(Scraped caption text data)
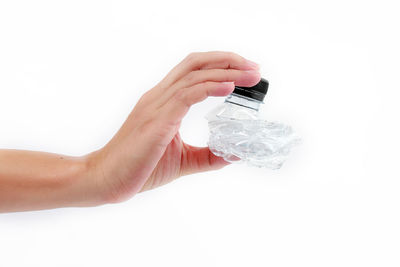 Midsection of woman holding paper against white background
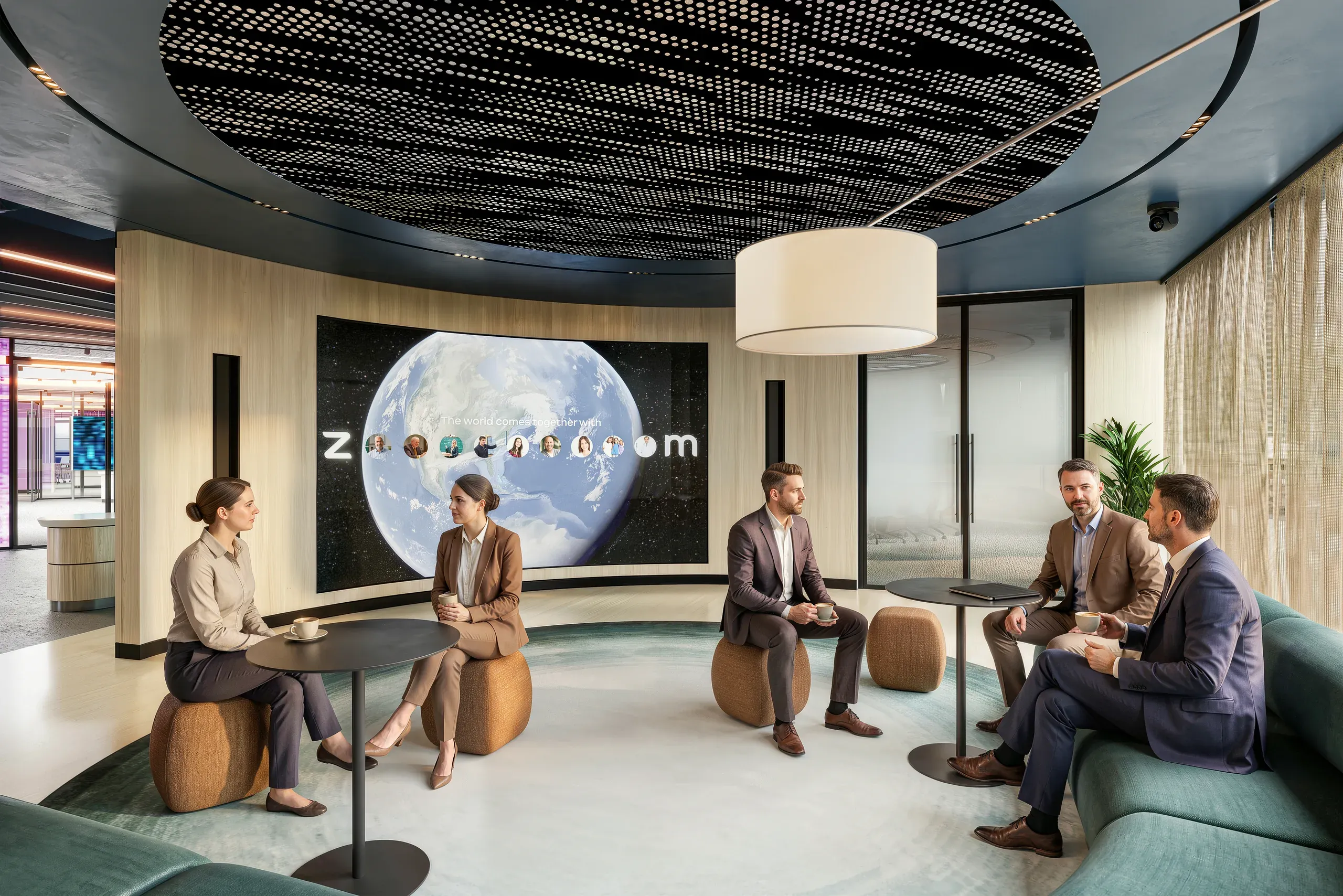 Modern office lounge with six professionals having a meeting around tables and seating, with a large illuminated globe display on the curved wall behind them.
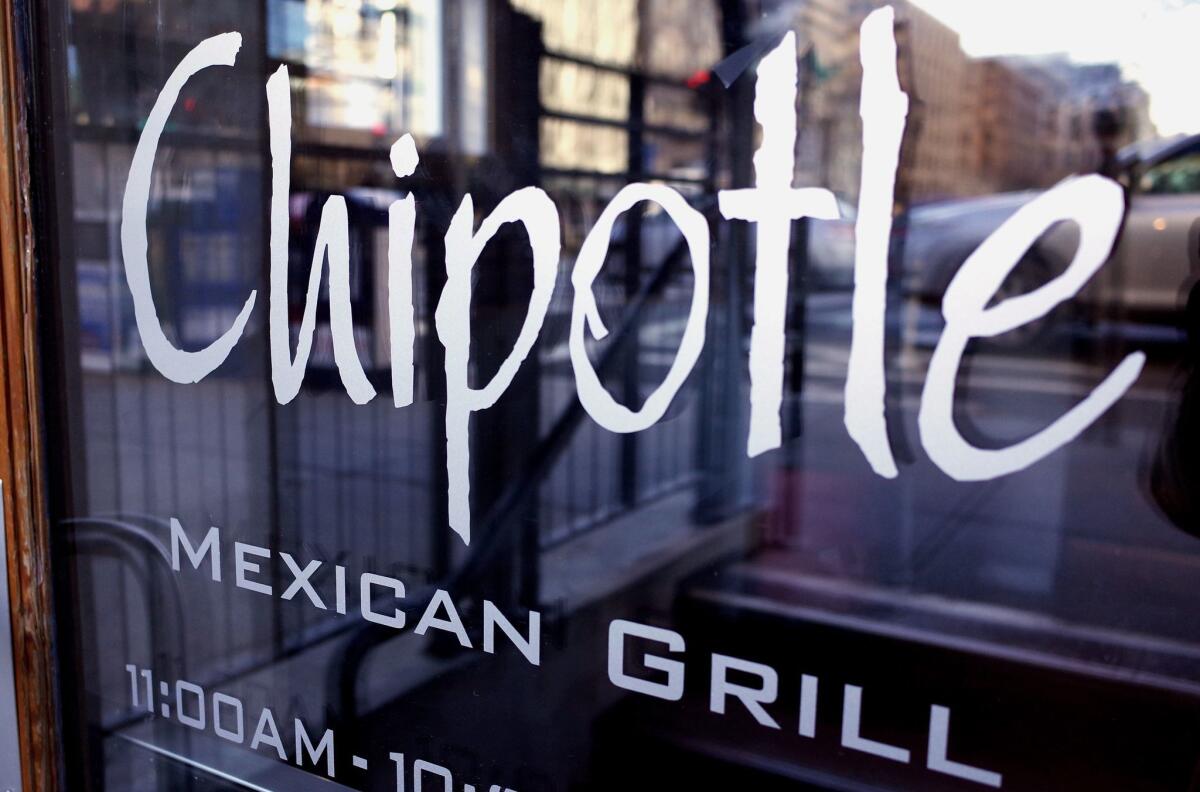 The Chipotle logo is seen on the door of one of its restaurants on January 2015 in Washington, D.C. The chain will close all of its stores for part of the day on Feb. 8 for a national meeting.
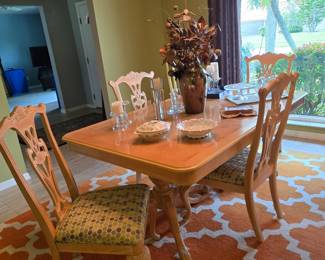 Table has 4 Chairs.  There are 2 Leafs, 13" each, not shown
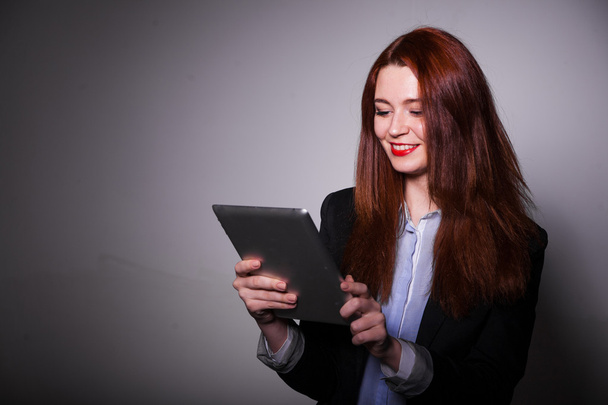 haired smiling girl using tablet over gray background - Foto, Imagem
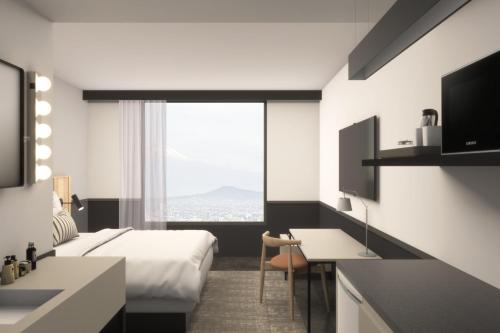 Imagen de la habitación del Hotel Stad&iacute;a Suites Quer&eacute;taro. Foto 2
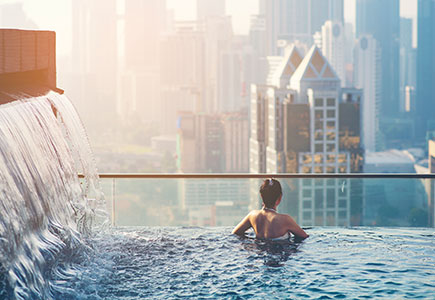 Girl in pool overlooking the city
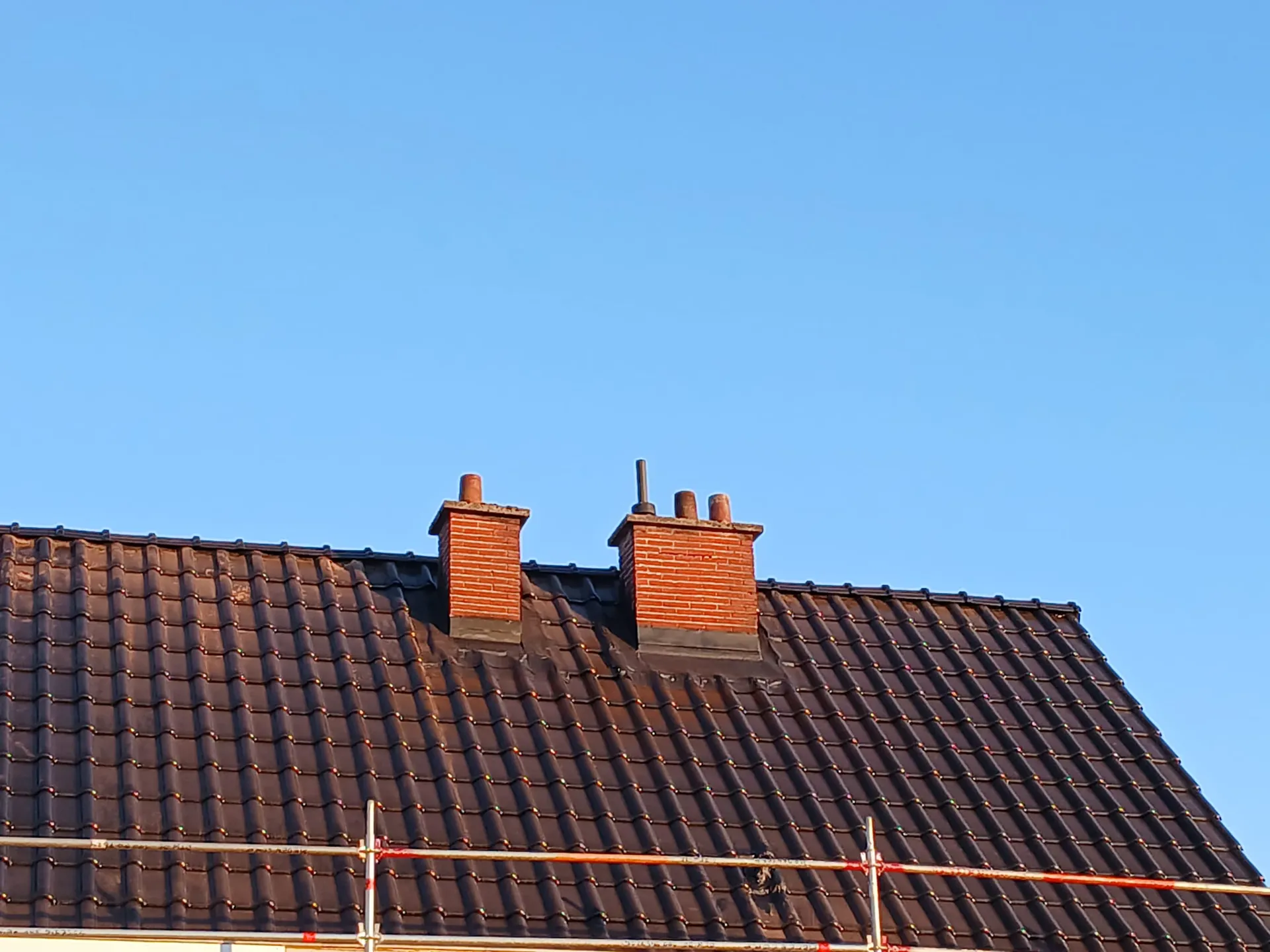 Renovatie van een pannendak op een rijwoning in Gent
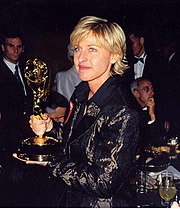 A photograph of Ellen DeGeneres with her 1997 Emmy Award.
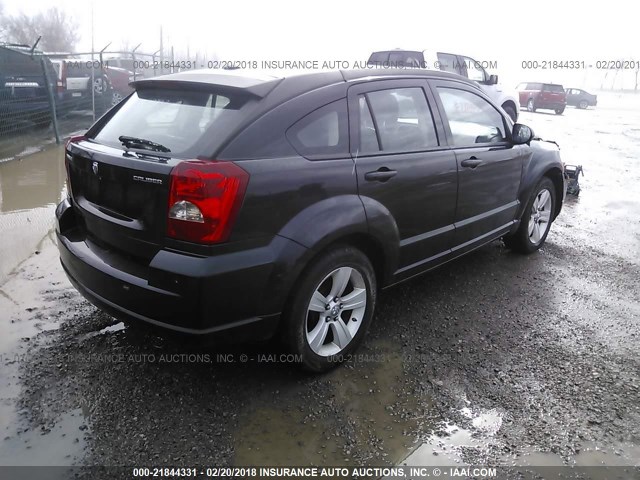 1B3CB3HA3BD113587 - 2011 DODGE CALIBER MAINSTREET BLACK photo 4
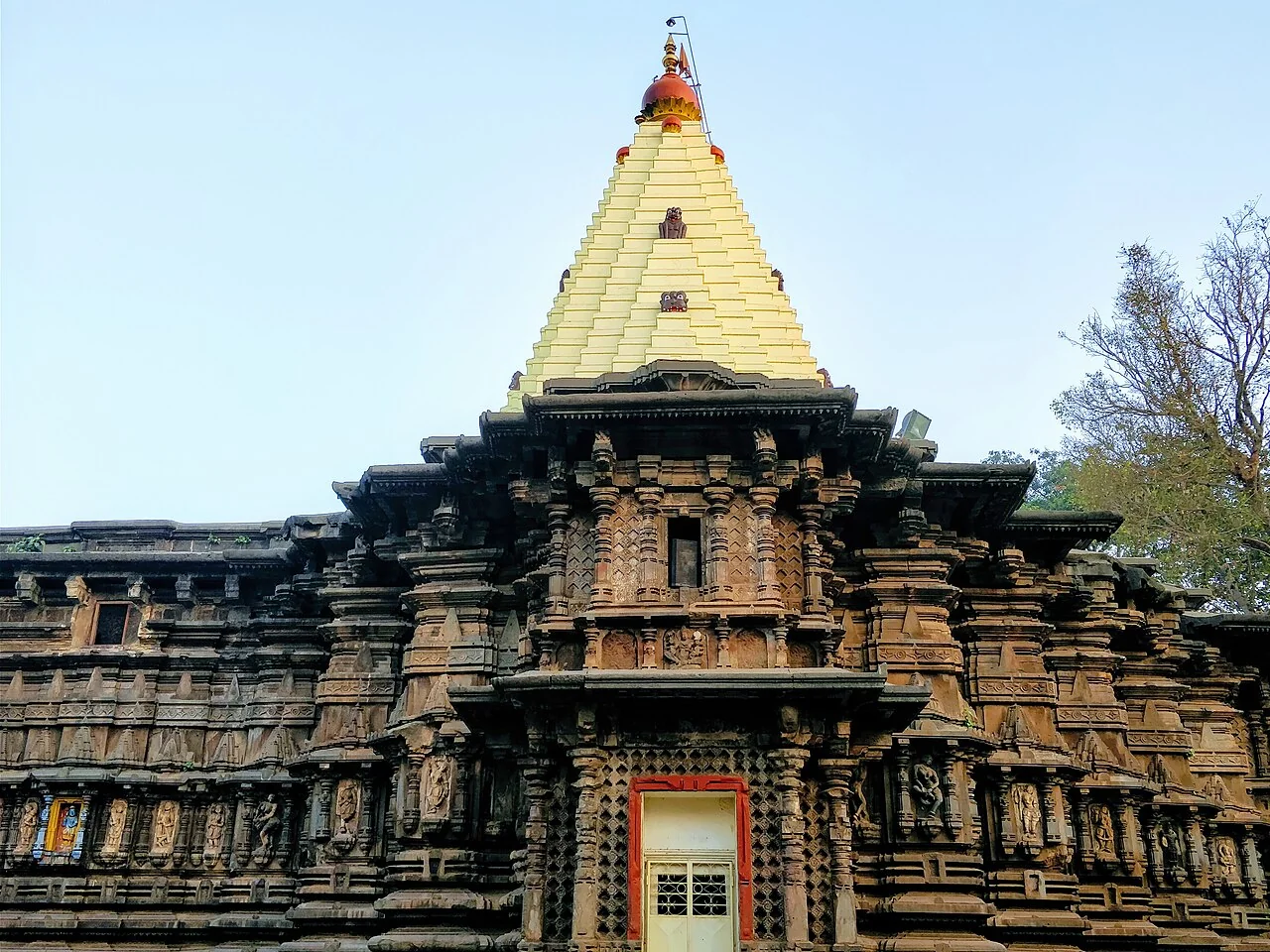 The stone facade and golden spire of Mahalakshmi Temple in Kolhapur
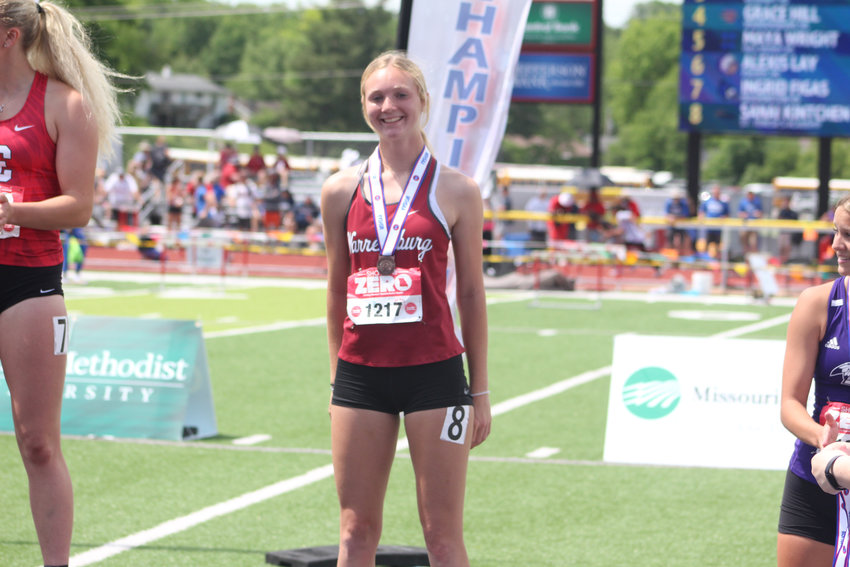 Warrensburg junior Grace Hill poses for a photo after placing fourth in the MSHSAA Class 4 Championships 100 meter hurdles finals Saturday, May 28, at Adkins Stadium.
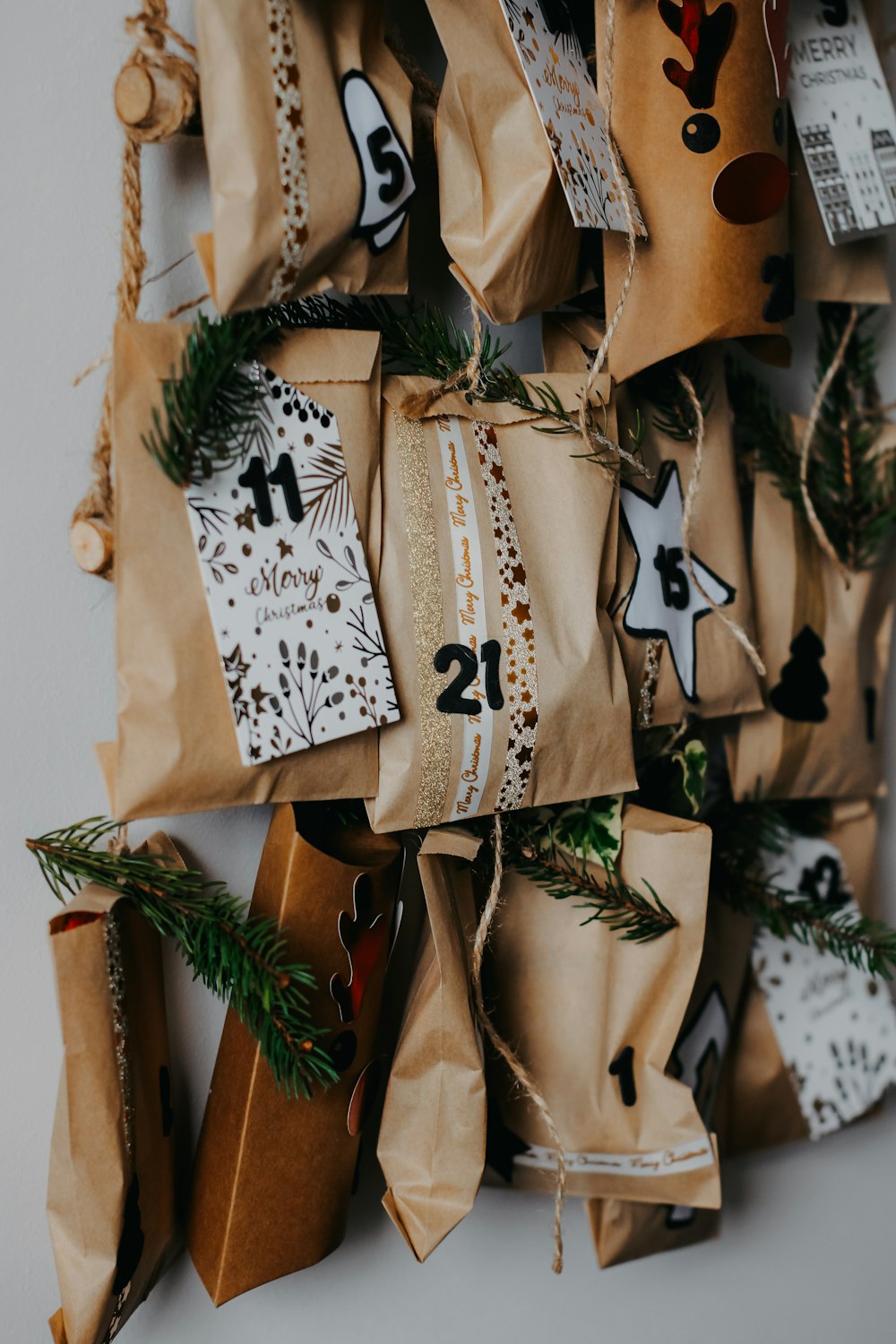 a bunch of brown bags with numbers on them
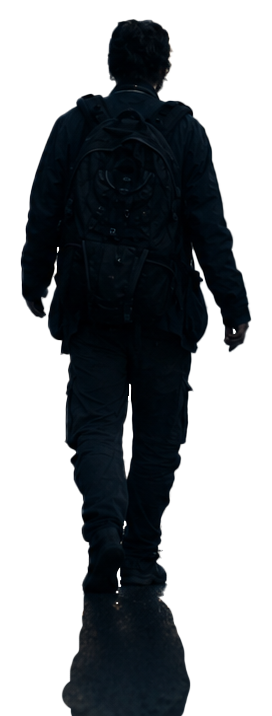 Un homme vu de dos marche dans une rue de Paris.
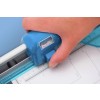 The image shows a hand holding a blue cutting tool with a level bubble, positioned near a ruler on paper. The tool is likely a rotary cutter or similar device used for precision cutting in crafting or design work.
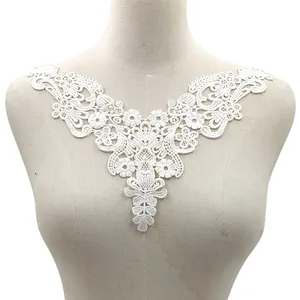 Close-up of white water-soluble hollow embroidery lace collar on a mannequin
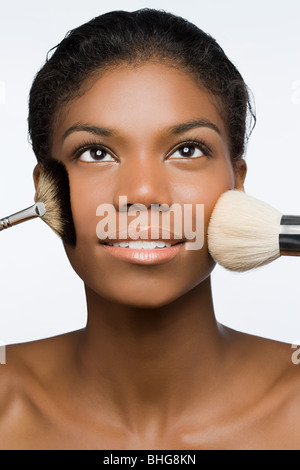 Donna con i pennelli per il trucco sulla faccia Foto Stock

> [Description of the task]:
Pictures excluded, print only the lines from the one with "Warrensburg junior Grace" through the end of the entries above, exactly as written.

> [Task answer]:
 Warrensburg junior Grace Hill poses for a photo after placing fourth in the MSHSAA Class 4 Championships 100 meter hurdles finals Saturday, May 28, at Adkins Stadium.
 a bunch of brown bags with numbers on them
 Un homme vu de dos marche dans une rue de Paris.
 The image shows a hand holding a blue cutting tool with a level bubble, positioned near a ruler on paper. The tool is likely a rotary cutter or similar device used for precision cutting in crafting or design work.
 Close-up of white water-soluble hollow embroidery lace collar on a mannequin
 Donna con i pennelli per il trucco sulla faccia Foto Stock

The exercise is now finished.